Anschließend wird die Arbeit dort anknüpfen, wo es auch die Kommunikationsforschung getan hat. Bei der erstmaligen Zusammenfassung von Gratifikationsstudien zu einem ganzheitlichen Ansatz durch Elihu Katz und andere. Anschließend soll, basierend auf Aufsätzen aus der ersten Hälfte der Siebziger Jahre, gezeigt werden, welch weitreichende Implikationen sich aus den Erkenntnissen der Uses and Gratifications-Forschung ergeben. Dazu soll, mittels einer idealtypischen Zusammenfassung, zunächst dargestellt werden wie im Uses and Gratifications-Approach Medienrezeption verstanden wird um anschließend beispielhaft auf psychologische Motive für durch Medienkonsum zu befriedigende Bedürfnisse näher einzugehen.

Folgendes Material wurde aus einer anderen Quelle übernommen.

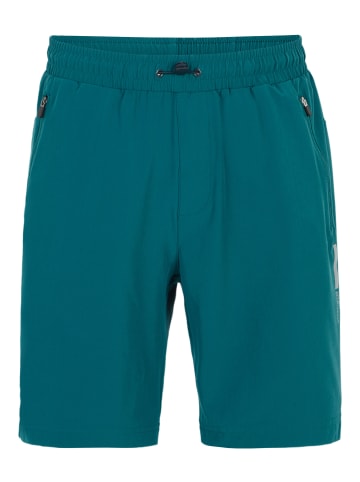 Joy Sportswear Kurze Hose MAREK in deep dive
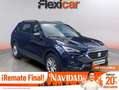 SEAT Tarraco 1.5 TSI S&S Style DSG 150 Bleu - thumbnail 1
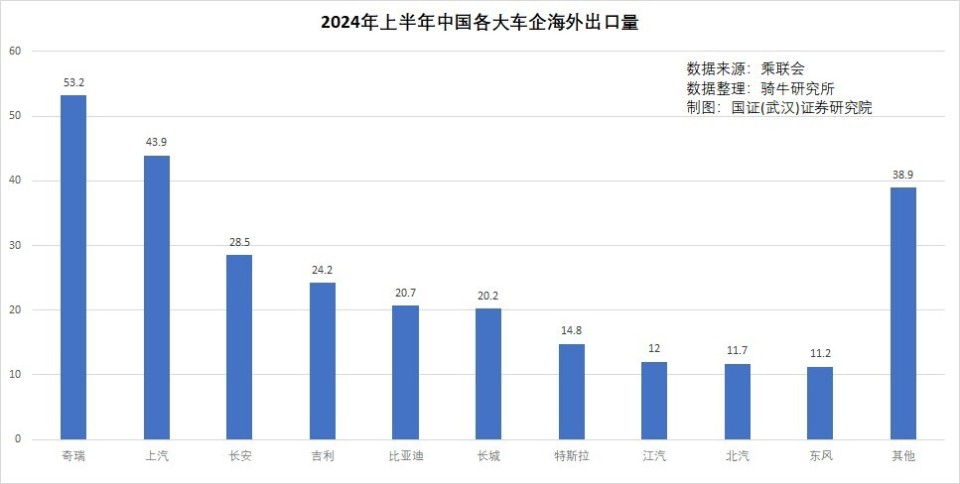 江左梅郎澳门正版资料预测解答,稳定性策略设计_Premium83.600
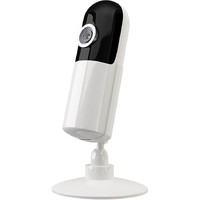 Hiper IoT Cam F1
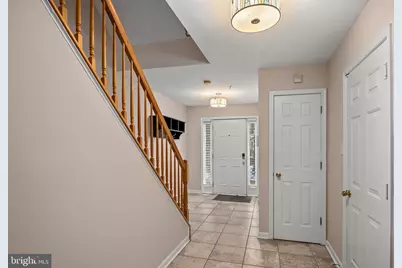 2720 Summers Ridge Drive, Odenton, MD 21113 - Photo 6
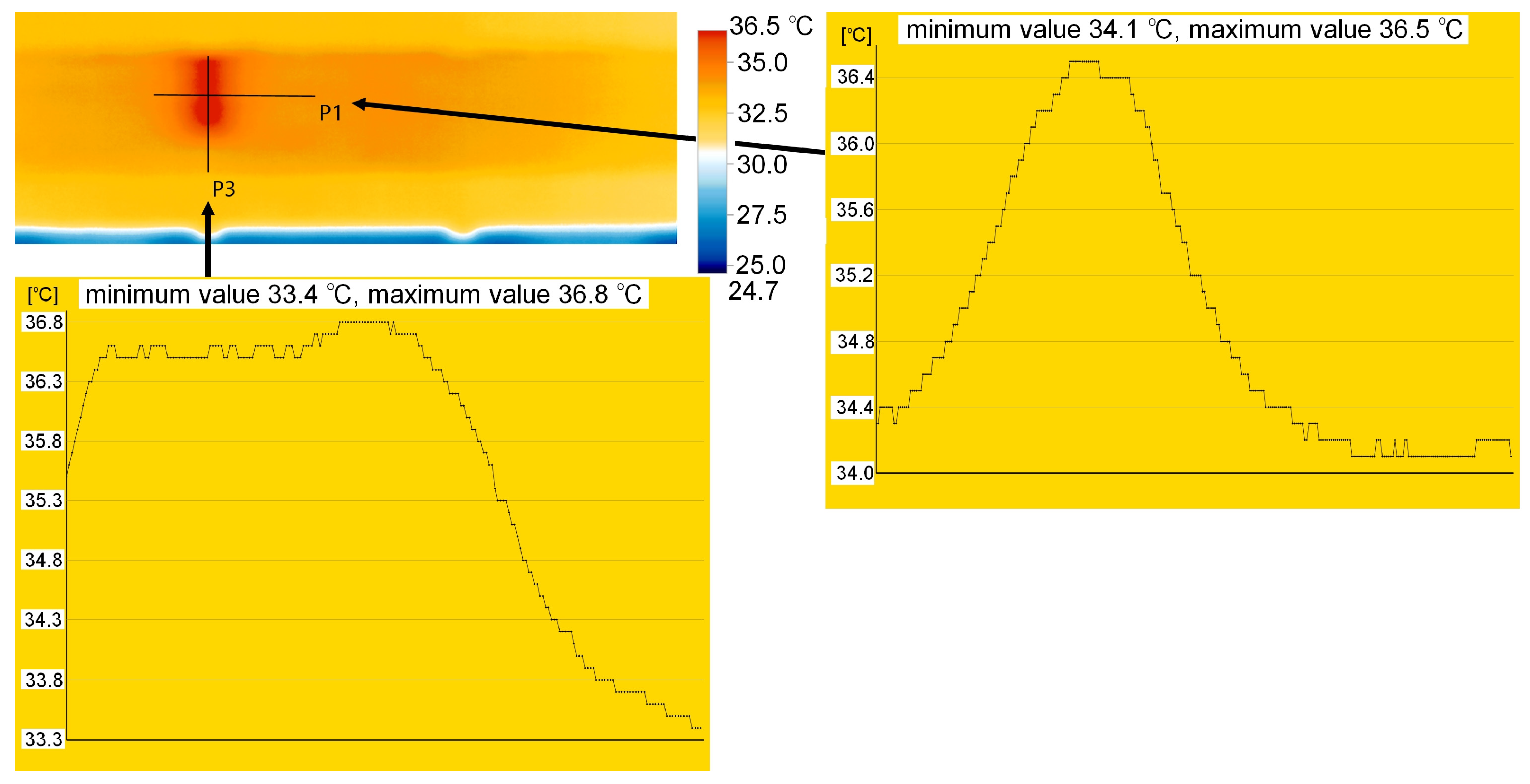 Materials 18 05090 g011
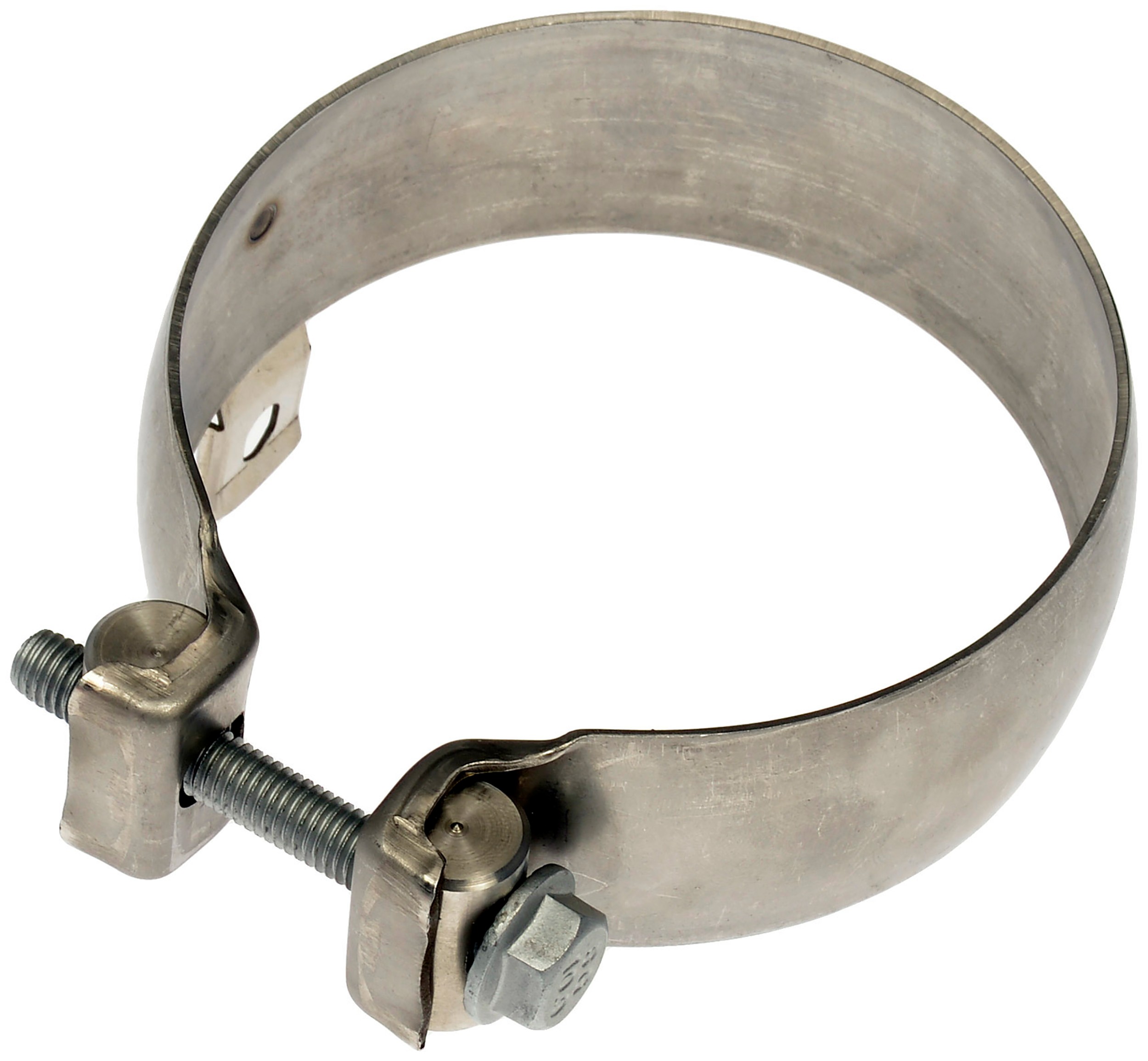 Dorman DOR-903-305 Exhaust Pipe Clamp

Der Autor der Arbeit erhofft sich durch die skizzierte Vorgehensweise erstens die historische Bedeutung des Ansatzes im forschungsgeschichtlichen Verlauf aufzuzeigen und zweitens an konkreten Beispielen die Sinnhaftigkeit und den Nutzen der durch den Uses and Gratifications-Approach begründeten neuen Sichtweise in der Medienwirkungsforschung zu verdeutlichen.
Durch die große Zahl der zu dem Thema vorgelegten Studien und Aufsätze und dem begrenzten Platz, den eine Hausarbeit bietet, war es notwendig lediglich eine Auswahl einiger der am stärksten beachteten Arbeiten in die vorliegende Hausarbeit mit einfließen zu lassen. Die Arbeit erhebt daher keinerlei Anspruch auf Vollständigkeit.

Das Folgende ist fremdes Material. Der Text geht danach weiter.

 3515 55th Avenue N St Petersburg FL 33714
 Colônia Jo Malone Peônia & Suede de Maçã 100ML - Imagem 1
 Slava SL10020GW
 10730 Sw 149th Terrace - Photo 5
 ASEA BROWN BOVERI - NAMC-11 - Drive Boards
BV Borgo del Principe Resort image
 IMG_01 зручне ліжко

2. Entstehung des Nutzen und Belohnungs-Ansatzes
Wie oben erwähnt, fanden bereits in den Vierziger Jahren des 20. Jahrhunderts einige Forschungen statt, die nach Gratifikationen in der Mediennutzung fragten. Wenn man der Unterscheidung von Walter Weiss folgt, gehen Studien der Gratifikationsforschung zumeist davon aus, dass sich die Gratifikationen auf zwei unterschiedliche Bedürfnisgruppen zurückführen lassen. Zum einen auf fantastisch-eskapistische und zum anderen auf informativ-pädagogische Medieninhalte. (Weiss, 1971) Nun läge die Vermutung nahe, dass beispielsweise Tageszeitungen ausschließlich informativ-pädagogische Inhalte für die Bedürfnisse ihrer Leser bereit hielten und Unterhaltungsprogramme im Radio oder Fernsehen lediglich zur Unterhaltung oder gar Wirklichkeitsflucht nützlich sein könnten. Das dem nicht so ist, dass sich jedoch die von Weiss getroffene Unterscheidung auch und gerade in klassischen Studien bewahrheitet, zeigen die zwei im Folgenden vorgestellten Studien.

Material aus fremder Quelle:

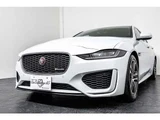 2019 Jaguar XE R Dynamic SE 2.0L P250 Sedan for sale, Japanese used car export - photo 9 of 80 | GULJI TRADERS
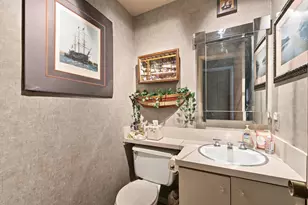 1089 Barberry Ln, Columbus, OH 43213 - Photo 20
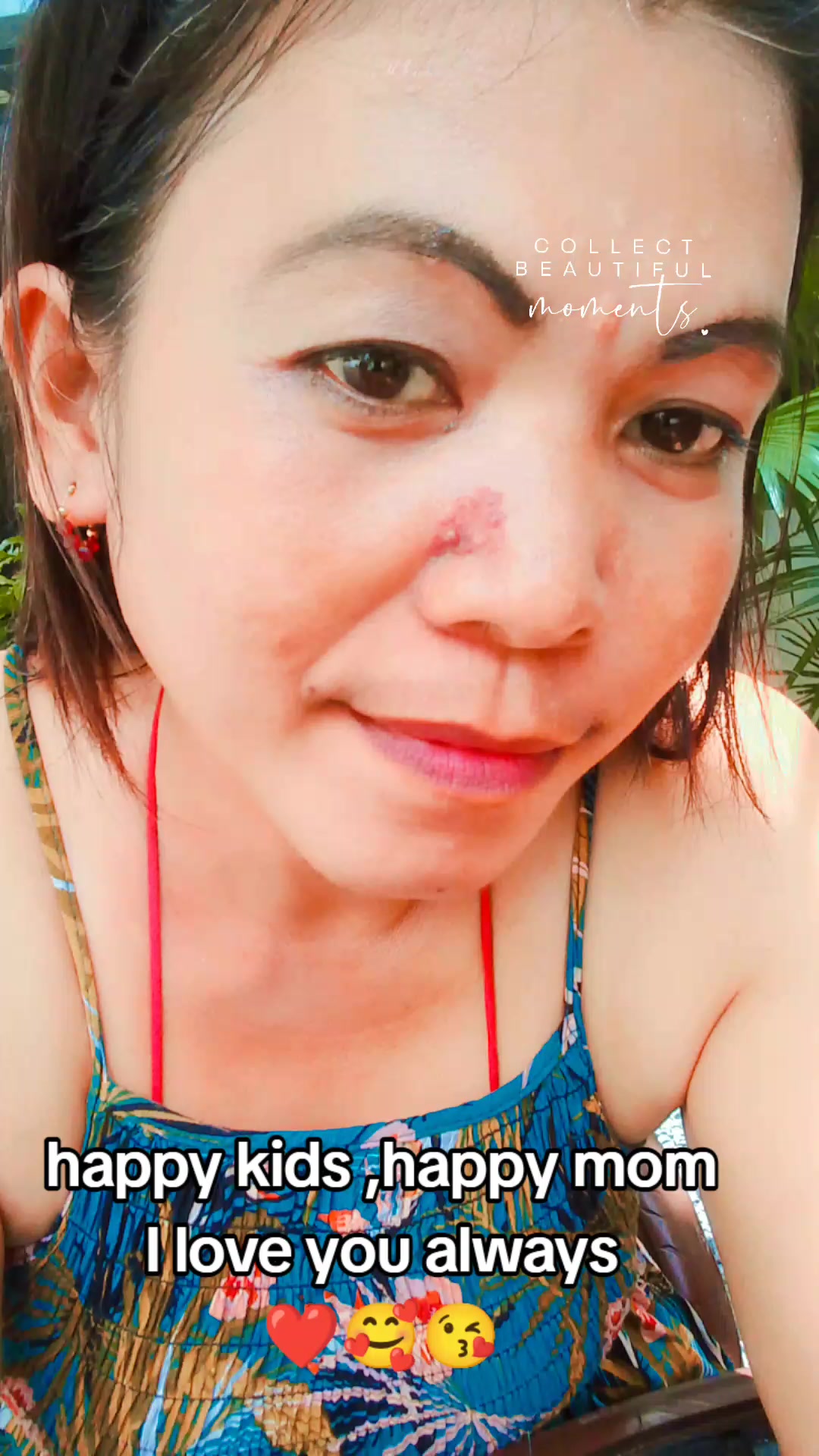 @❤️boop23einna🤭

2.1 Eine klassische Studie von Herta Herzog
Herta Herzog forschte an dem von Paul Lazarsfeld geleiteten „Office of Radio Research“ nach Gratifikationen, die Konsumenten aus der Nutzung von Medienangeboten gewannen. Sie befragte ihre Probanden unter anderem nach ihren Gründen, sich Quiz-Shows (Herzog, 1942) oder die sogenannten Daily Soaps (Herzog, 1944) im Radio anzuhören. Im Fall der Daily Soaps, also in der Studie „What do we Really Know About Daytime Serial Listeners?“, versucht sie zunächst ein charakteristisches Bild der typischen Hörerin solcher Programmformate zu entwerfen – dass es sich bei den Rezipienten ausschließlich um (Haus-)Frauen handelt wurde in der Studie implizit vorausgesetzt, weswegen auch ausschließlich Hausfrauen untersucht wurden. Sie schlägt hierfür drei Ansätze vor, deren zwei sie sich im Verlauf der Studie persönlich widmet. Während sie eine qualitative Inhaltsanalyse zwar für sinnvoll erachtet, sich damit aber in der Studie nicht auseinandersetzt, vergleicht sie anhand von vier verschiedenen Studien Hörerinnen von Daily Soaps mit Nichthörerinnen dieser Formate und betrachtet sich die von Hörerinnen in persönlichen Interviews gegebenen Antworten im Hinblick auf deren Aussagefähigkeit dahingehend, ob und wie die Hausfrauen ihre Bedürfnisse mittels Medienkonsum befriedigen. Herzog selbst beschreibt das Ziel ihrer Studie so: „In addition to content analyses, then, we wish to examine the structure of the audience and the gratifications derived from daytime serials. This article is devoted to a survey of current knowledge about these listeners.“ (Herzog, 1944, S. 4)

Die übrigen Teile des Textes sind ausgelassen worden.